= WHAT YOU HAVE TO DO =
Copy exactly, please, each line of the data below until the line that contains "Sturm Isha durchquert" has been copied, beginning at the top.

[[ PROVIDED DATA open ]]

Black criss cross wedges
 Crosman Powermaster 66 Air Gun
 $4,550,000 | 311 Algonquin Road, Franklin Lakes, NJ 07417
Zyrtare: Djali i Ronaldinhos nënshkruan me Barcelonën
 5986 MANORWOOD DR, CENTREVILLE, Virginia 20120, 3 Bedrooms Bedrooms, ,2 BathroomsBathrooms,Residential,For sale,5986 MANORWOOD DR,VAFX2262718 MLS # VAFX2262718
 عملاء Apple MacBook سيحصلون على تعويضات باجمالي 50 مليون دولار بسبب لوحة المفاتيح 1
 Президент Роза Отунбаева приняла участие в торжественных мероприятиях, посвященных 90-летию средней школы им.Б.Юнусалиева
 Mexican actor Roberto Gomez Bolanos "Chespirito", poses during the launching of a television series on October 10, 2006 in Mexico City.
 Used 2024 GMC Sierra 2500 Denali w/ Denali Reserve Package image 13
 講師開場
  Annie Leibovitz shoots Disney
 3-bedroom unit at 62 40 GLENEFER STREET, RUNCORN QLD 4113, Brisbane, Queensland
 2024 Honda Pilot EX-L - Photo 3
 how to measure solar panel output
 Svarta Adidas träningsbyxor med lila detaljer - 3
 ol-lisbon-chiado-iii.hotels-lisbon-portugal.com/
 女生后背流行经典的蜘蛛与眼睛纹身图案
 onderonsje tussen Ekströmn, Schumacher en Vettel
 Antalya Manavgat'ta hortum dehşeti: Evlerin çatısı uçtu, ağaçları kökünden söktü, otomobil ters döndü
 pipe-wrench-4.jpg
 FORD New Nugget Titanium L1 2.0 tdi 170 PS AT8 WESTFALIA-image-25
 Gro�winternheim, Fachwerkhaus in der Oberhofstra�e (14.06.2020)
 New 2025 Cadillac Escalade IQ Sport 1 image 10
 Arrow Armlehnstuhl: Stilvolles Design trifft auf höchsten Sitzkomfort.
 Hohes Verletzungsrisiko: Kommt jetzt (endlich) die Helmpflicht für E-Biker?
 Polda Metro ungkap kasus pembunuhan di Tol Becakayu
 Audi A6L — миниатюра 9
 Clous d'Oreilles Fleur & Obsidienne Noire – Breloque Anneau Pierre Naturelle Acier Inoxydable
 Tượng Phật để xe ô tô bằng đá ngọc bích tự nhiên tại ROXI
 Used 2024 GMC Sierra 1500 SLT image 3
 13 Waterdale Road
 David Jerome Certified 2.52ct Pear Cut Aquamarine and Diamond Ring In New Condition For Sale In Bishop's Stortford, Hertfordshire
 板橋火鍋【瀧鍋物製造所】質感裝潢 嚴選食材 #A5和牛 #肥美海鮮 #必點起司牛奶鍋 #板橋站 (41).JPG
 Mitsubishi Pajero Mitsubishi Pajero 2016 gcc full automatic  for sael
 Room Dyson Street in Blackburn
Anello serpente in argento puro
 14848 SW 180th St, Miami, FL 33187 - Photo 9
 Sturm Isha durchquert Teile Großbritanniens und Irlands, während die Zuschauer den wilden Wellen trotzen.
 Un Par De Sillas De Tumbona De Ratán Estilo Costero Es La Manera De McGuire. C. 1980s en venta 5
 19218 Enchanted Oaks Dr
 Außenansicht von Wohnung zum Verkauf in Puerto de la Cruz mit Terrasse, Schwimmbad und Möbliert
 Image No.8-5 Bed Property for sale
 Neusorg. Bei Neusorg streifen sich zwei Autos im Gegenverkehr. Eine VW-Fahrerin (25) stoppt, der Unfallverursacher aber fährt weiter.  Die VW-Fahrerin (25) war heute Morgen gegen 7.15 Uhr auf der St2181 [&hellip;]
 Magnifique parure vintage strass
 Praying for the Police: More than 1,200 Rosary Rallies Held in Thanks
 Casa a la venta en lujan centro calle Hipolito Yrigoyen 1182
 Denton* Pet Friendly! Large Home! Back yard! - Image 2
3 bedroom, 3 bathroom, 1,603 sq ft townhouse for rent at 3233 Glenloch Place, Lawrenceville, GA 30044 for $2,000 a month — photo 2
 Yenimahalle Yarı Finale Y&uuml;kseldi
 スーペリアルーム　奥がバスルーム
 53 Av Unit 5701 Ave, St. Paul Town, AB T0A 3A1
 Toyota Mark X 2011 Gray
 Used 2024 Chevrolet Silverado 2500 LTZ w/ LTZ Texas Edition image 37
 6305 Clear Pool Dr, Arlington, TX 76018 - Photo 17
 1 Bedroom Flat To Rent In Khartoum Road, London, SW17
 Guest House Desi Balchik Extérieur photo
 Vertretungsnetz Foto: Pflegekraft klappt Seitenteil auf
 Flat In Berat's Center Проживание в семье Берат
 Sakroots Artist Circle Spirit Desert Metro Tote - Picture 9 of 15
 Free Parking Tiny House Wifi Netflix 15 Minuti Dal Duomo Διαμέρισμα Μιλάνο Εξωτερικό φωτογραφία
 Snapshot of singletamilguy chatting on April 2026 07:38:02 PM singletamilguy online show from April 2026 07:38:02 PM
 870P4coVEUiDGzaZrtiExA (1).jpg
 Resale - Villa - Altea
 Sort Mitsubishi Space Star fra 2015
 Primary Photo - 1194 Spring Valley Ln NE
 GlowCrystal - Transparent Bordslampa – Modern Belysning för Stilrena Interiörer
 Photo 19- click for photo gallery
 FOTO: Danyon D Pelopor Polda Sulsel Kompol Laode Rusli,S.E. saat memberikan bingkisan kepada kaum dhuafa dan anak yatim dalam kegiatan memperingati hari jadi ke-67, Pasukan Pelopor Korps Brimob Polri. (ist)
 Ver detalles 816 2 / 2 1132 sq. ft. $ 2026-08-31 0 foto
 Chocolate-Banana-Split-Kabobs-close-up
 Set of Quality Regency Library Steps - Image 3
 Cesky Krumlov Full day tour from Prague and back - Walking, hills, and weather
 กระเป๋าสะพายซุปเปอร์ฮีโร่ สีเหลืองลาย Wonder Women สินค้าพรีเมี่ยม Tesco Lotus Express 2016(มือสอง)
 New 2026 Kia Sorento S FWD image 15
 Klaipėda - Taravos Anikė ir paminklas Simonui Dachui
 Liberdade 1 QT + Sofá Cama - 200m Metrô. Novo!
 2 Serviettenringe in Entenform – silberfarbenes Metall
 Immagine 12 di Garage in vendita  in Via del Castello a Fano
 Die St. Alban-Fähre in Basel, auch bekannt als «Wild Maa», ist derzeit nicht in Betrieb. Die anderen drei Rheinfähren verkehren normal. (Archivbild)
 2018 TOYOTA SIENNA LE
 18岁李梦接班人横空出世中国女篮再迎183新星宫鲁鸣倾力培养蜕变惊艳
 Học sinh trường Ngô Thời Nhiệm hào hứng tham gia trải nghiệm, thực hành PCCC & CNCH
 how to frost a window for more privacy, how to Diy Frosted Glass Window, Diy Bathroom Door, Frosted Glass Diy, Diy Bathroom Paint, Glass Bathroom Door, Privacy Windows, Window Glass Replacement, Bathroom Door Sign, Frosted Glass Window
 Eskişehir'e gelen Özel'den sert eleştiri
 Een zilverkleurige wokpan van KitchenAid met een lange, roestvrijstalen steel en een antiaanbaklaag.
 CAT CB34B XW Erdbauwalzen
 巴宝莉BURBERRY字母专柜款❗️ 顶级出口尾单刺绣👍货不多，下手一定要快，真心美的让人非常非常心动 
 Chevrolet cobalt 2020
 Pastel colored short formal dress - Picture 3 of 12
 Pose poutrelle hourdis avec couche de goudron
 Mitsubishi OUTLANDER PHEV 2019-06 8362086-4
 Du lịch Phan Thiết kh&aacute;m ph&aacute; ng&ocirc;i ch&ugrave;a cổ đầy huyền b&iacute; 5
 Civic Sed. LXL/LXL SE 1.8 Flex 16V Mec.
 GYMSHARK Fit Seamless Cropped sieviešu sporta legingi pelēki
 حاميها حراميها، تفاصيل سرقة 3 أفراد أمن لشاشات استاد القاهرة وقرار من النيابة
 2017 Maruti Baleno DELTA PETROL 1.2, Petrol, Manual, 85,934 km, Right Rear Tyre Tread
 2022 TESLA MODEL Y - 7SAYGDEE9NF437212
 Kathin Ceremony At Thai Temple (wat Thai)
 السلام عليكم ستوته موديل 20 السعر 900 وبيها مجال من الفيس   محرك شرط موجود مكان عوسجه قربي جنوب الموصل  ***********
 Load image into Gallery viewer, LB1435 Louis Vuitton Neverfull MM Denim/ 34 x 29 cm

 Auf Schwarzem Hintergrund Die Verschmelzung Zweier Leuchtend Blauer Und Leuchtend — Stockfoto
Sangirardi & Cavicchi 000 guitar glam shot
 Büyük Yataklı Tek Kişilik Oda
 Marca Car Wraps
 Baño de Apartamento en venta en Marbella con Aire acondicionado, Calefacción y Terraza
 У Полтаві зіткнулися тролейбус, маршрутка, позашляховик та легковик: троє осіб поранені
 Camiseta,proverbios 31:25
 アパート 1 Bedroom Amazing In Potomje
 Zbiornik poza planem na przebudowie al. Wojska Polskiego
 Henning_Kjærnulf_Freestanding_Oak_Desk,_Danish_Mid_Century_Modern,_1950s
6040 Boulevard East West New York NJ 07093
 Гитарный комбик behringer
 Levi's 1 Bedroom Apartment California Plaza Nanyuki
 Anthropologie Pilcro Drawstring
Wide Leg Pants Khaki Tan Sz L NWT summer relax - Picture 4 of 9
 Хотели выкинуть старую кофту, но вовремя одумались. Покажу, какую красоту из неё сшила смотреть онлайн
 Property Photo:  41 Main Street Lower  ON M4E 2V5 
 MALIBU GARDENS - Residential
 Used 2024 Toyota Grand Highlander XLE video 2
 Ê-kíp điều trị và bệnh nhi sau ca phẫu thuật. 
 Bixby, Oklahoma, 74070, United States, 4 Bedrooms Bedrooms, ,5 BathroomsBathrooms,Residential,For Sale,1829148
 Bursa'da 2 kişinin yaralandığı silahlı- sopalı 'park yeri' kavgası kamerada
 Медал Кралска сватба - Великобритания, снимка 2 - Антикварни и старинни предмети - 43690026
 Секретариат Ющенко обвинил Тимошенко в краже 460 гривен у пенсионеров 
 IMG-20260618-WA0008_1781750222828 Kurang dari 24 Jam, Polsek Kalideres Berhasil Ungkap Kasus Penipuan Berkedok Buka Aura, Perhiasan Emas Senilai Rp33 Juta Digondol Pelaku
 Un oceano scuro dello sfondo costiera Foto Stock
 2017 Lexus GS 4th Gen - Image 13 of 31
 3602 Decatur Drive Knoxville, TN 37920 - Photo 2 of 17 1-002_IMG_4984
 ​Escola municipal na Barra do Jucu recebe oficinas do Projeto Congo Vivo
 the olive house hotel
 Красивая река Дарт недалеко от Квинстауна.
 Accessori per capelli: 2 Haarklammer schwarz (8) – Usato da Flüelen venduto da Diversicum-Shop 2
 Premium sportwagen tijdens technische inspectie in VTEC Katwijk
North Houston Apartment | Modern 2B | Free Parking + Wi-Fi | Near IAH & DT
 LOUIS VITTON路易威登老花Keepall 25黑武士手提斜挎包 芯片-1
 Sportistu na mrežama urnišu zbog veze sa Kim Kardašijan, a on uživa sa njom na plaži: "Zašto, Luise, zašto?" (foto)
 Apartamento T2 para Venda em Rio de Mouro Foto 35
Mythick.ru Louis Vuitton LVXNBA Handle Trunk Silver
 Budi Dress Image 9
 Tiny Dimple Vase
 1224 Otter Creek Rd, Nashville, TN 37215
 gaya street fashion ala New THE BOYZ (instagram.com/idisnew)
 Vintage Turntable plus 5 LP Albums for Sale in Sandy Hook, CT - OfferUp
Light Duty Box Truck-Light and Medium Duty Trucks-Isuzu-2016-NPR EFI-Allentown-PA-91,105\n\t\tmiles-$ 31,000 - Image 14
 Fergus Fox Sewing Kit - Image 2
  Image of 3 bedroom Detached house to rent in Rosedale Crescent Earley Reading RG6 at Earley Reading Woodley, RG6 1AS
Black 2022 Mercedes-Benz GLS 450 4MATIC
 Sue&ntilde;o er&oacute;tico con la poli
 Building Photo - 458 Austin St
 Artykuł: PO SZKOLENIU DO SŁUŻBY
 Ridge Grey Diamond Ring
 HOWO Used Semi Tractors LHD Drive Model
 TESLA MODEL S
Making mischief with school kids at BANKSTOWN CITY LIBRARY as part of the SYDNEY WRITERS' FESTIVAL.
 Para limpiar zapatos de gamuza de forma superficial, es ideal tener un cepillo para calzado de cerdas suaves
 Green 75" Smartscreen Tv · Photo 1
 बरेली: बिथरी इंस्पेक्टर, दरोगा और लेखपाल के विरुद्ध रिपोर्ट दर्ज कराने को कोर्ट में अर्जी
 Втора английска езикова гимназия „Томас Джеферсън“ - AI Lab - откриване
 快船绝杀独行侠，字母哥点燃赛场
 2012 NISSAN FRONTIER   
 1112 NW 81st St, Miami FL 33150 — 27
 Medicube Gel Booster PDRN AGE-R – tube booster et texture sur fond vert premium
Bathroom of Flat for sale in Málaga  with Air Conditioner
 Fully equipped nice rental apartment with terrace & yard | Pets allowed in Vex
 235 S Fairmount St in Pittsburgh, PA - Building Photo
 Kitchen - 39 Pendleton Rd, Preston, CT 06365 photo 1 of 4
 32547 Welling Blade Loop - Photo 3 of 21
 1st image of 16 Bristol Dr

[[ PROVIDED DATA closed ]]

= REPLY TO THE EXERCISE =
Black criss cross wedges
 Crosman Powermaster 66 Air Gun
 $4,550,000 | 311 Algonquin Road, Franklin Lakes, NJ 07417
Zyrtare: Djali i Ronaldinhos nënshkruan me Barcelonën
 5986 MANORWOOD DR, CENTREVILLE, Virginia 20120, 3 Bedrooms Bedrooms, ,2 BathroomsBathrooms,Residential,For sale,5986 MANORWOOD DR,VAFX2262718 MLS # VAFX2262718
 عملاء Apple MacBook سيحصلون على تعويضات باجمالي 50 مليون دولار بسبب لوحة المفاتيح 1
 Президент Роза Отунбаева приняла участие в торжественных мероприятиях, посвященных 90-летию средней школы им.Б.Юнусалиева
 Mexican actor Roberto Gomez Bolanos "Chespirito", poses during the launching of a television series on October 10, 2006 in Mexico City.
 Used 2024 GMC Sierra 2500 Denali w/ Denali Reserve Package image 13
 講師開場
  Annie Leibovitz shoots Disney
 3-bedroom unit at 62 40 GLENEFER STREET, RUNCORN QLD 4113, Brisbane, Queensland
 2024 Honda Pilot EX-L - Photo 3
 how to measure solar panel output
 Svarta Adidas träningsbyxor med lila detaljer - 3
 ol-lisbon-chiado-iii.hotels-lisbon-portugal.com/
 女生后背流行经典的蜘蛛与眼睛纹身图案
 onderonsje tussen Ekströmn, Schumacher en Vettel
 Antalya Manavgat'ta hortum dehşeti: Evlerin çatısı uçtu, ağaçları kökünden söktü, otomobil ters döndü
 pipe-wrench-4.jpg
 FORD New Nugget Titanium L1 2.0 tdi 170 PS AT8 WESTFALIA-image-25
 Gro�winternheim, Fachwerkhaus in der Oberhofstra�e (14.06.2020)
 New 2025 Cadillac Escalade IQ Sport 1 image 10
 Arrow Armlehnstuhl: Stilvolles Design trifft auf höchsten Sitzkomfort.
 Hohes Verletzungsrisiko: Kommt jetzt (endlich) die Helmpflicht für E-Biker?
 Polda Metro ungkap kasus pembunuhan di Tol Becakayu
 Audi A6L — миниатюра 9
 Clous d'Oreilles Fleur & Obsidienne Noire – Breloque Anneau Pierre Naturelle Acier Inoxydable
 Tượng Phật để xe ô tô bằng đá ngọc bích tự nhiên tại ROXI
 Used 2024 GMC Sierra 1500 SLT image 3
 13 Waterdale Road
 David Jerome Certified 2.52ct Pear Cut Aquamarine and Diamond Ring In New Condition For Sale In Bishop's Stortford, Hertfordshire
 板橋火鍋【瀧鍋物製造所】質感裝潢 嚴選食材 #A5和牛 #肥美海鮮 #必點起司牛奶鍋 #板橋站 (41).JPG
 Mitsubishi Pajero Mitsubishi Pajero 2016 gcc full automatic  for sael
 Room Dyson Street in Blackburn
Anello serpente in argento puro
 14848 SW 180th St, Miami, FL 33187 - Photo 9
 Sturm Isha durchquert Teile Großbritanniens und Irlands, während die Zuschauer den wilden Wellen trotzen.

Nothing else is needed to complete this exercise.